Yamakawa, di quel corpo qui indagato attraverso le scelte operate dalla curatrice Shihoko Iida e Diego Sileo, non espone nulla se non l’invisibilità della sua stessa voce, che riesce a imitare la natura, trasformandosi anche in un dispositivo per campionature elettroniche. È una performer, improvvisa suoni e compone melodie con i battiti dell’ambiente e del cuore, così come con il brusìo della città. Lo fa entrando in sintonia con lo spazio: al Pac ha materializzato la sua voce, l’onda sonora in una forma sinuosa inseguendo il movimento del suo canto.

La rassegna milanese prova a rintracciare alcune linee di orientamento nell’arte performativa nipponica e ha alle sue spalle una lunga storia. In mezzo, c’è stata la paralisi della pandemia che, però, come ha spiegato la curatrice Shihoko Iida, ha permesso una riflessione ponderata sul tema geopolitico: nonostante la globalizzazione, nessuno poteva più superare i confini nazionali e il Giappone ha rivissuto quella chiusura in sé stesso che aveva scardinato per la prima volta alla metà dell’Ottocento. «In questo contesto, le opere degli artisti hanno rappresentato un eccellente strumento per abbattere le frontiere». Anche le differenze generazionali, creando una rete invisibile fra movimenti del dopoguerra come Gutai e la sfida artistica lanciata nel terzo millennio, in quei decenni difficili per il paese che ha vissuto attentati, terremoti, l’incidente nucleare e la ristagnazione economica.

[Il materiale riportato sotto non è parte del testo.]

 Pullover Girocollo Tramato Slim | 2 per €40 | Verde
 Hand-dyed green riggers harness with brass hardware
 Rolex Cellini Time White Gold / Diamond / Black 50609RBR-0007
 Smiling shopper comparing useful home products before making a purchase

Così, al Pac, snodandosi fra le varie sale e al secondo piano «due mondi s’incontrano» (nella Project Room, anche l’omaggio al fumettista Igort e al «suo» particolare Giappone).

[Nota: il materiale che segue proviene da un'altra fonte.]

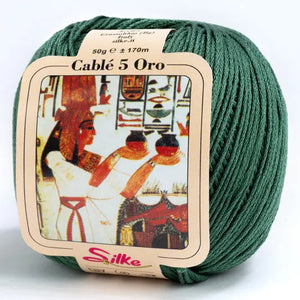 Cotone Cablé 5 ORO - Silke - Colore: 135 - VERDE PINO - by LacariaRicami.Store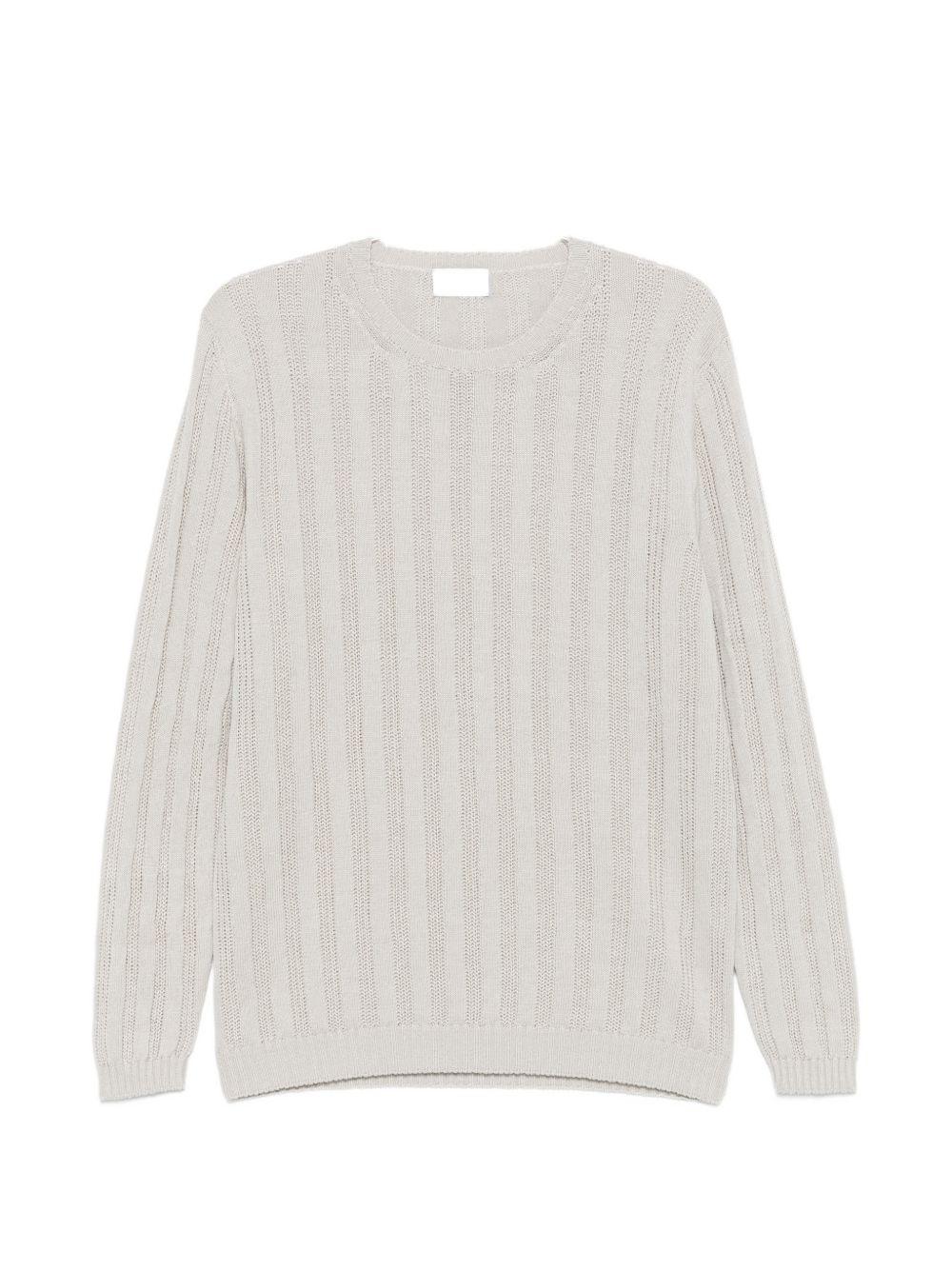 SCAGLIONE Maglia in lino e cotone bianco a righe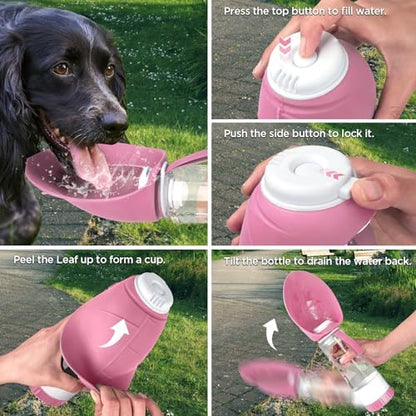 Uppetly Dog Water Bottle, Pet Water Bottle with Food Container and Drinking Feeder, Leak Proof, BPA-Free, Portable Foldable Puppy Water Cup Dispenser for Outdoor Walking, Travel, Hiking Large Pink - Image 4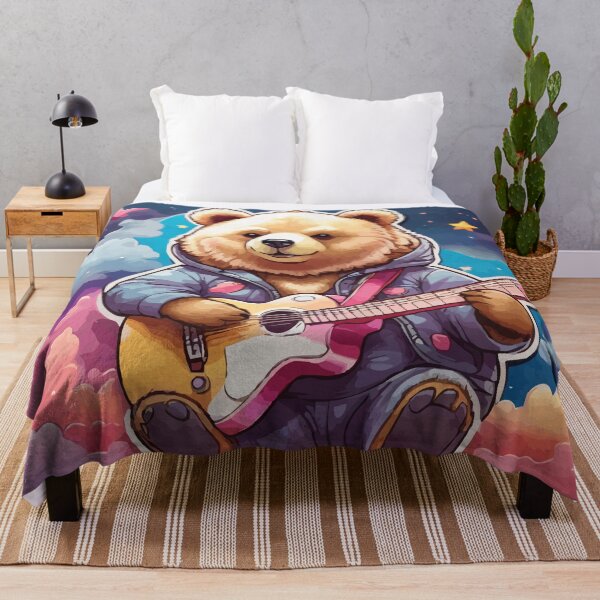 Item preview, Bear Playing Guitar Clouds and Stars Pastel Colors Ver1 designed and sold by thecatcouch.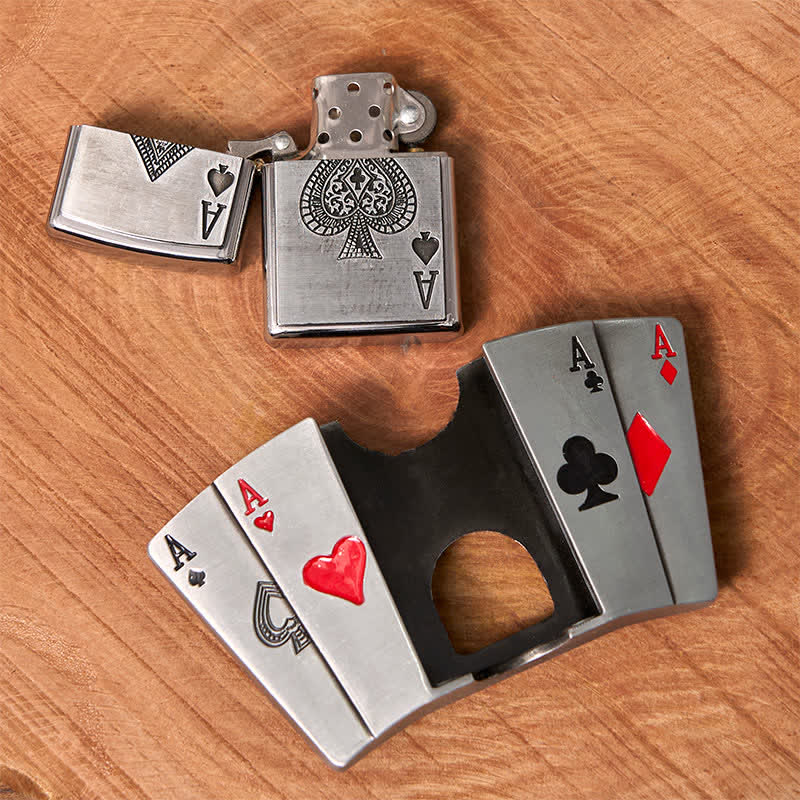 DIY 4 Aces Poker Ledergürtel für Herren mit verstecktem Feuerzeug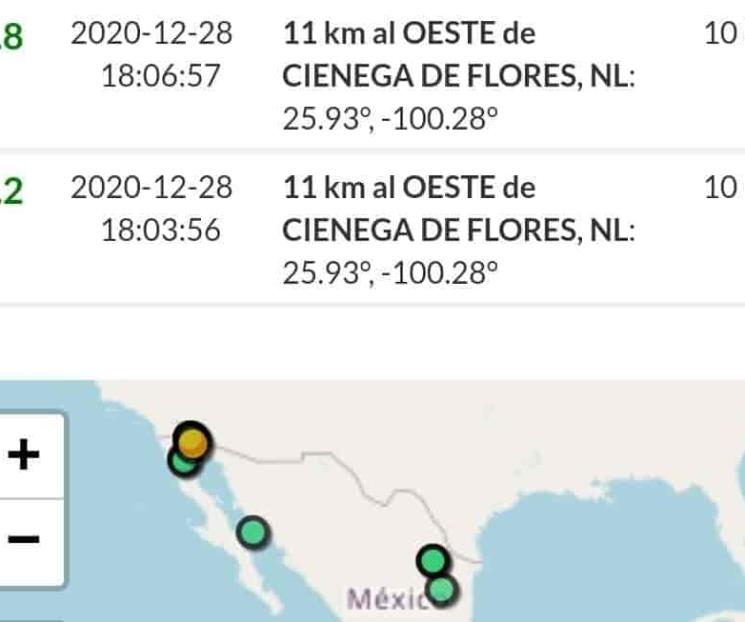 Se registran dos sismos en Ciénega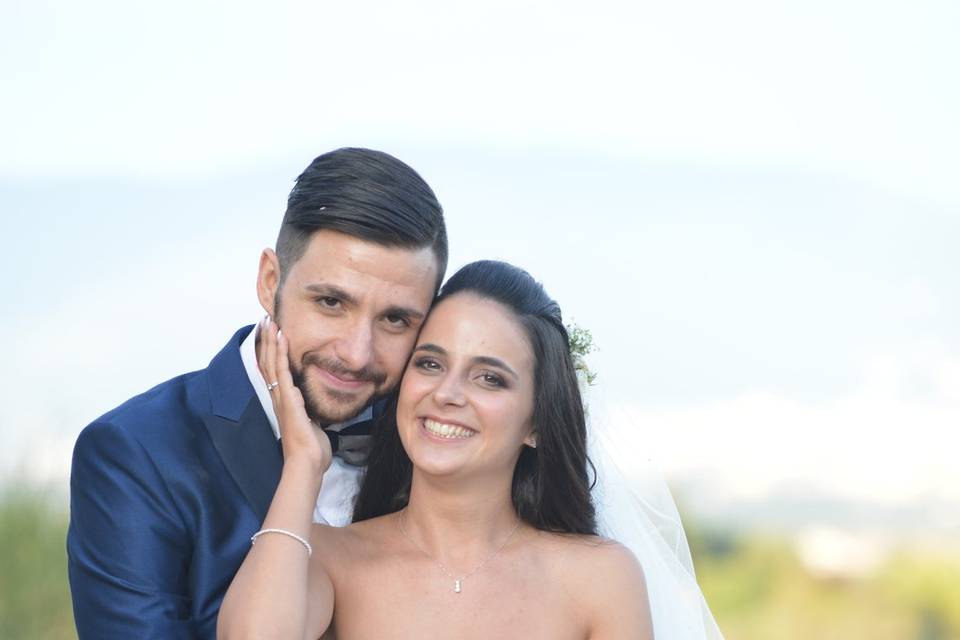 Sposi felici al matrimonio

Chiharu Shiota, «After the Dream», 2011, installazione al Pac di Milano

Vediamo Yoko Ono nella celebre azione Cut piece (1964) in cui il pubblico taglia il suo vestito riducendolo in brandelli mentre lei se ne sta immobile e «immolata». E c’è poi Meiro Koizumi che con le sue azioni teatrali indaga il concetto di nazionalismo, i circuiti securitari, il controllo capillare del potere sulle vite individuali. Con l’opera video We Mourn the Dead of the Future (2019)interroga venti giovani (che prestano i loro corpi alla «scena»)sul concetto del sacrificio di sé rispetto alla collettività. «Il Giappone – dice – ha vissuto molti decenni di pace dopo l’orrore del secondo conflitto mondiale -. Il discorso sulla guerra apparteneva a una sfera quasi astratta, ma negli ultimi tempi è tornato a essere potentemente concreto, un trauma che ha ritrovato la sua visibilità».

Cut piece di Yoko Ono

Saburo Muraoka (1928 -2013 Osaka) è un artista raro da vedere in Europa. In mostra c’è anche la sua installazione Body Temperature (realizzata nel 2010, è esposta per la prima volta dopo la sua scomparsa) in cui trasforma un’esperienza fisica – la misurazione della temperatura corporea, appunto – in un simulacro nostalgico, conservando così una rarefatta traccia della vita: il tubo di rame della sua scultura rimanda i 36,7 gradi rilevati il 16 luglio del 2010.

Nell’assenza del corpo, lavora invece Chiharu Shiota (classe 1972, rappresentò il Giappone alla Biennale di Venezia del 2015) con la struggente malinconia di vestiti-feticci ingabbiati in un intricato sistema di fili. Sono intrappolati dentro un bozzolo, cristallizzando il ricordo e alimentando la memoria perduta.
Un corpo diverso, impudico, «alieno» è quello che ripiomba sul palcoscenico dell’arte con le fotografie di Mari Katayama. L’artista (che a nove anni ha subito l’amputazione delle gambe e ha una malformazione a una mano) raccoglie oggetti sentimentali, reperti del passato, crea a sua volta piccole sculture con elementi naturali e costella il suo «teatro di posa» con queste disseminazioni di sé per comporre autoritratti imperfetti e insieme fiabeschi. «La bellezza? Si annida in tutto ciò che è vivente».